76.If the JSC is of the opinion that the report should be amplified in any way or that further investigation is desirable, it may refer the matter back to the committee to conduct the investigation for a further report. Barring this, the JSC will consider the report and decide on the punishment, if any, which should be inflicted on the officer or whether he/she should be required to retire in the public interest. To fulfill its mandate under Article 172(1)(c) of the [Constitution](/akn/ke/act/2010/constitution), the JSC in considering the committee’s report, ought to have satisfied itself that the charges disclosed acts constituting gross misconduct.

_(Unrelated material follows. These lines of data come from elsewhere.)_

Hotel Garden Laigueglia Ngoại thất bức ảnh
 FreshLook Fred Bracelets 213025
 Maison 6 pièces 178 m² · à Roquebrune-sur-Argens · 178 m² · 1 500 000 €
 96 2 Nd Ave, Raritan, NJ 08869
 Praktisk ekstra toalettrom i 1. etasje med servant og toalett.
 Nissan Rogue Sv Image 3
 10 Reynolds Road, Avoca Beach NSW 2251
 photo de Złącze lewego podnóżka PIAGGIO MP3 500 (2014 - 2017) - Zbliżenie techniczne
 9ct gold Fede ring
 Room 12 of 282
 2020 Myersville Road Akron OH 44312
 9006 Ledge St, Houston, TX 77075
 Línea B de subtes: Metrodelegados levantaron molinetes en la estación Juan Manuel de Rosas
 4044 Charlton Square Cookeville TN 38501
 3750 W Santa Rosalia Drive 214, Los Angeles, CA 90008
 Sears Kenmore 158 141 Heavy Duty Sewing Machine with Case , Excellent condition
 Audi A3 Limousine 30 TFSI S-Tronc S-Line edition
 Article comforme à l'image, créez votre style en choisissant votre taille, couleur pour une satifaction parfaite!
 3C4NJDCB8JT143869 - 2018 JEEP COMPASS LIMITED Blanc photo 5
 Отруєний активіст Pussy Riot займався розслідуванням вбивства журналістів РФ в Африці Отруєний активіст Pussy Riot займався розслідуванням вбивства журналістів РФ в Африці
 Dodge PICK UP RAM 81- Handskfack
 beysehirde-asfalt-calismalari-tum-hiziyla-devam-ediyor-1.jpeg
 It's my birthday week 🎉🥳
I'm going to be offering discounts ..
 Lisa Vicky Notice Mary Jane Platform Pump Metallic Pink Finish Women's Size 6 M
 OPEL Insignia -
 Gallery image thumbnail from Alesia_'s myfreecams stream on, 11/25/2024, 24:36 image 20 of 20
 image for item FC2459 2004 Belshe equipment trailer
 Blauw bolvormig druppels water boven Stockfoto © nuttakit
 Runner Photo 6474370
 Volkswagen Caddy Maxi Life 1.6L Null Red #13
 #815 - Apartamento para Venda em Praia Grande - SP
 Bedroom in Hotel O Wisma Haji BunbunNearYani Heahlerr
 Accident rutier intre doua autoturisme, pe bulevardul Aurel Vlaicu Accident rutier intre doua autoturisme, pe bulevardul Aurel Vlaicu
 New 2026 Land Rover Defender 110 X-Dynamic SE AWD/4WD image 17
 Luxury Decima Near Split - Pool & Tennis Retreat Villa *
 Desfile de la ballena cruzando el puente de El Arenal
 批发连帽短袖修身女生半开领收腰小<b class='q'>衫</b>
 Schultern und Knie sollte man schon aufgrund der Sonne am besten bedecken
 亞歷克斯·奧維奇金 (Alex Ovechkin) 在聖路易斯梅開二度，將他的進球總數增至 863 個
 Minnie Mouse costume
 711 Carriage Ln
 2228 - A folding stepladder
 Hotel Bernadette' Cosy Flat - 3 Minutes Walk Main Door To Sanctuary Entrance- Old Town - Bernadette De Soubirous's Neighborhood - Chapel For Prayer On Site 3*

The JSC, in our respectful view, had two options: to remit the proceedings to the committee to have the complainant compelled to appear before it and/or substantiate his claims against the appellant, or to find that, without any evidence suggestive of any wrongdoing by the appellant, then the charges were not proved.
77.Having reached this conclusion, we turn our attention to the appellant’s other complaints relating to failure to provide adequate notice of legal counsel contrary to Article 50(2)(g) and (h), Section 4(3)(c) of the [FAA Act](/akn/ke/act/2015/4) and paragraph 25(5) of the Third Schedule to the [JS Act](/akn/ke/act/2011/1); insufficient hearing notice of only eight (8) days instead of the fourteen (14) days provided for under the Third Schedule; and the unreasonable delay of twenty three (23) months in concluding the disciplinary process. Save for the last complaint, the rest were not pleaded before the ELRC. They were also not canvassed before either the ELRC or the Court of Appeal. The two courts below made no findings on these complaints. This Court cannot, for these reasons, entertain new matters introduced for the first time in the proceedings before it by way of submissions. See [Muruatetu & another v Republic; Kenya National Commission on Human Rights & 2 others (Interested Parties); Death Penalty Project (Intended Amicus Curiae)](/akn/ke/judgment/kesc/2016/12) [2016] KESC 12 (KLR) and [Peter Oduor Ngoge v Francis Ole Kaparo & 5 Others](/akn/ke/judgment/keca/2012/6), SC Petition No. 2 of 2012, [2012] eKLR.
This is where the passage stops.